A. It feels incredibly strange to be that vulnerable with strangers.
1. You are usually never that vulnerable because in any other setting you might get clobbered...but in that setting you're perfectly safe.
2. You're safe because no one will marginalize or attack you. Everyone is interested and compassionate.
B. I had been nervous about committing to this, but I'm getting more and more excited about it.
1. I am grateful that the people in my group would share their most personal stories with me. It feels like a huge honor.
2. The group is not only interested in the pain or frustration that you have been bearing alone (or mostly alone)...they feel the pain along with you.
a. They feel it so acutely that they sometimes cry or show rage on your behalf.
C. It is really hard to allow the group to feel my pain.

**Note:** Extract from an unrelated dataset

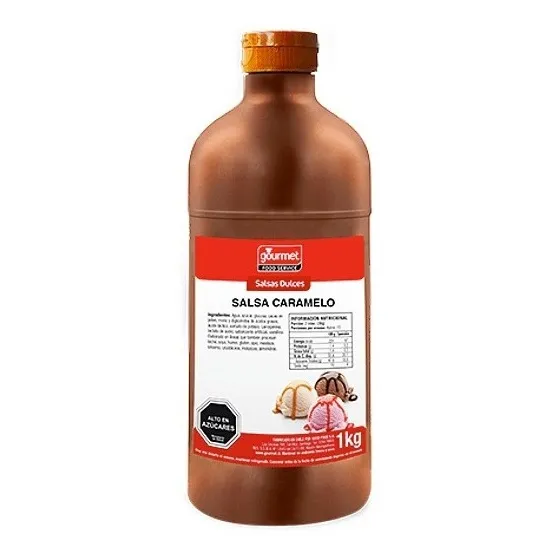 Salsa De Caramelo 1 Lt. Gourmet. Agro Servicio.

b. By allowing these people to bear some of my burden I am feeling incredible encouragement and connection
1. I think this is because I don't want to burden then with it
2. But the group is happy to be burdened with it, and I believe them when they say they are, because I am happy to bear their pain and cry for them too.
3. I am thrilled to discover this level of relating; just that this exists.
4. I feel like this is what we were made for; to support and be supported. And it is so exciting when you feel like you have an idea of your purpose. It's as close to fulfilling as anything, I guess.
5. I love that this will help us heal from our dysfunctional families, because every family is dysfunctional, and yet we can honor them without letting them hurt us. We can deal with ourselves and what we can control, rather than being passive-aggressive and batting around surfacey issues (i.e., the petty things we occupy ourselves with because it is too painful to dig deeper and feel all those buried feelings). Dig them out and finally feel them, with the earnest support of others bearing them with you, and explore your true identity.
6.It is exciting to know about this, because it's like a new frontier!! A new and enlightened (yet ages old) way of relating and living with freedom and passion. Wow that sounded totally gay, but it really is about both of those things.